If you’ve ever read the book ‘Eats shoots and leaves: The Zero Tolerance Approach to Punctuation’, you’ll appreciate the need for putting commas in their correct places. You’ll understand the value of a well-placed apostrophe.
Language can be a minefield of ambiguity, and the misuse of punctuation – deliberate or accidental – can lead to misunderstandings great and small. Whilst it may not be true that world wars have been started because of a poorly constructed sentence, it is probable that there have been some avoidable disagreements which have escalated, all because of a lack of precision.
So pity the poor web designer or programmer. If you inadvertently add a comma in describing a giant panda – eats, shoots and leaves – you could be misunderstood. The listener may think you are suggesting that the panda is a supporter of the 2nd Amendment – that’s the one in the American constutition which talks about the right to bear arms (although, not as some right wing American would have us believe, the right to carry semi-automatic assault rifles whilst shopping in the supermarket).
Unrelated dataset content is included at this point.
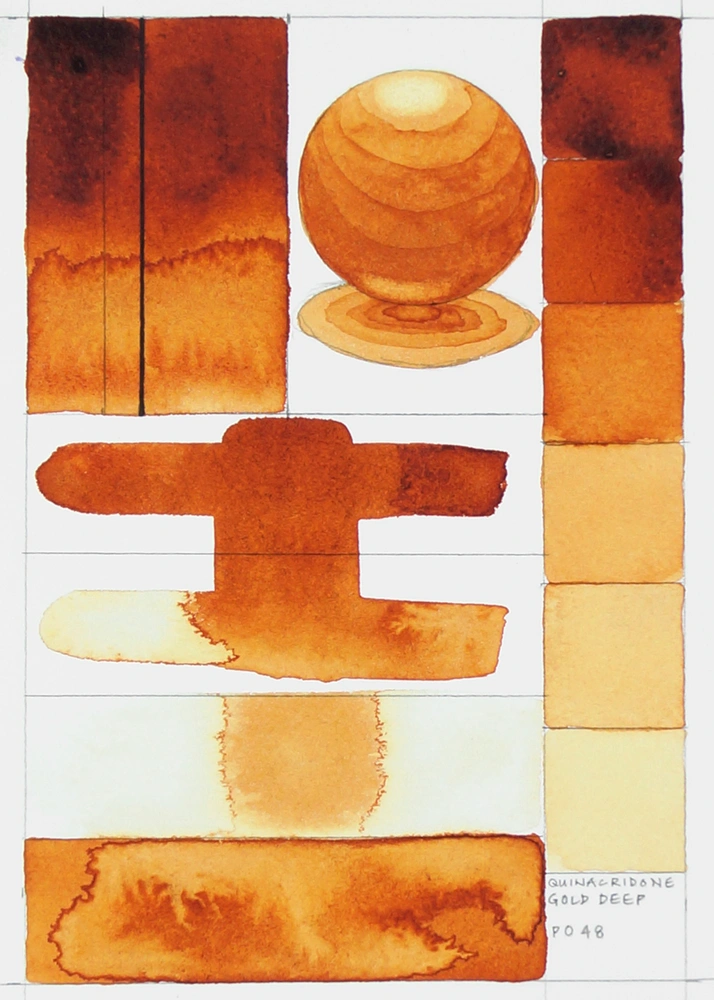 Qor Watercolor - Quinacridone Gold Deep - paint-out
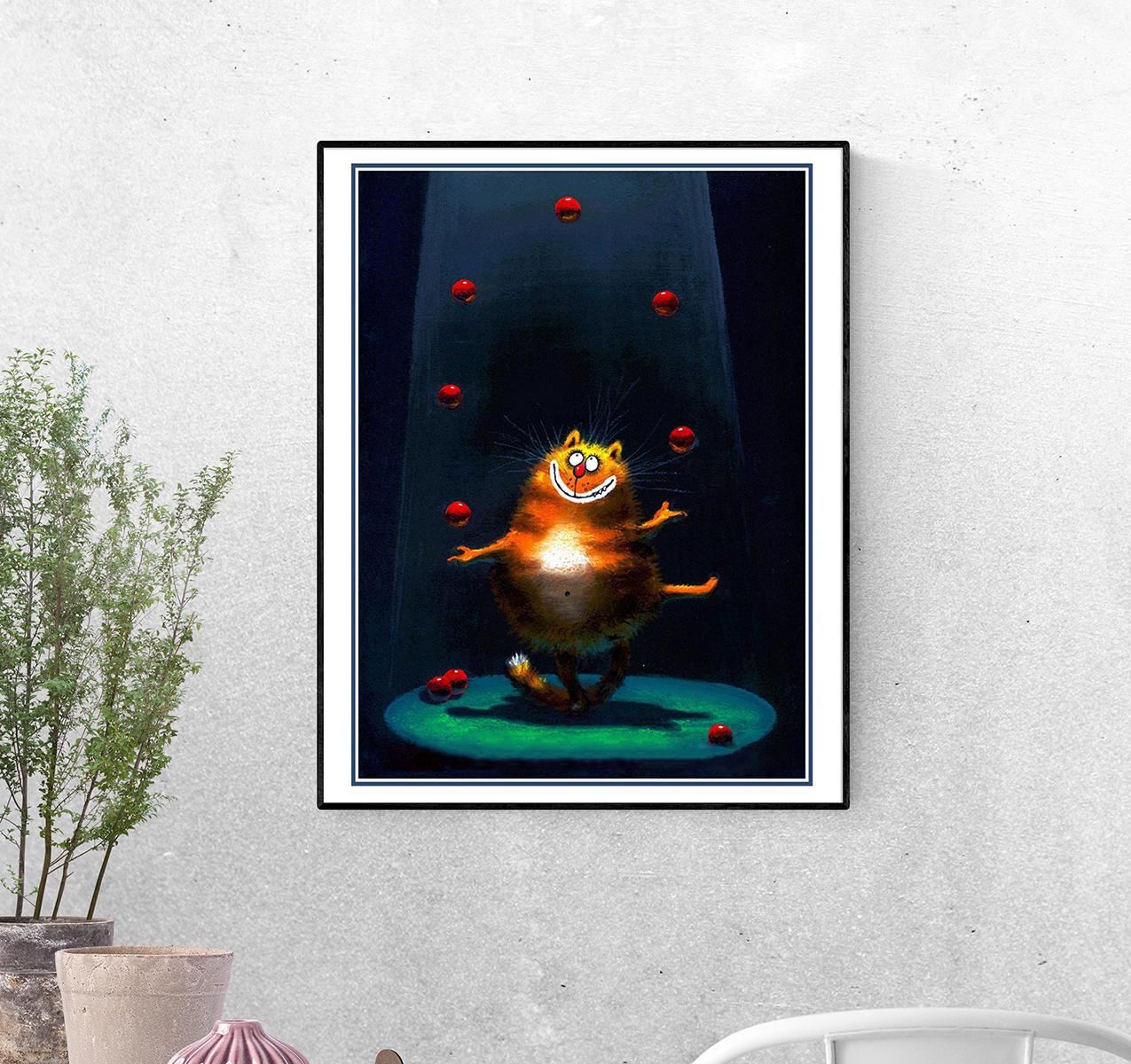 Постер Жонглирующий рыжий кот формат А-1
But if a programmer leaves out a comma – or a bracket, curly bracket, full stop, and so on – the result can be disaster. Not just a little misunderstanding but a completely blank screen. Put a / (forward slash) in the wrong place on the page you are currently reading and everything literally disappears.
The point of this post? Obviously to elicit sympathy for the community of web designers. (So if you have tears of sympathy in your eyes, consider a donation to you local website designers’ charity. If there isn’t one, give us a call and we’ll set one up for you). But also to highlight the fact that, like language, web programming requires skill and precision, and is therefore something best left to the professionals (rather than somebody you met down the pub)!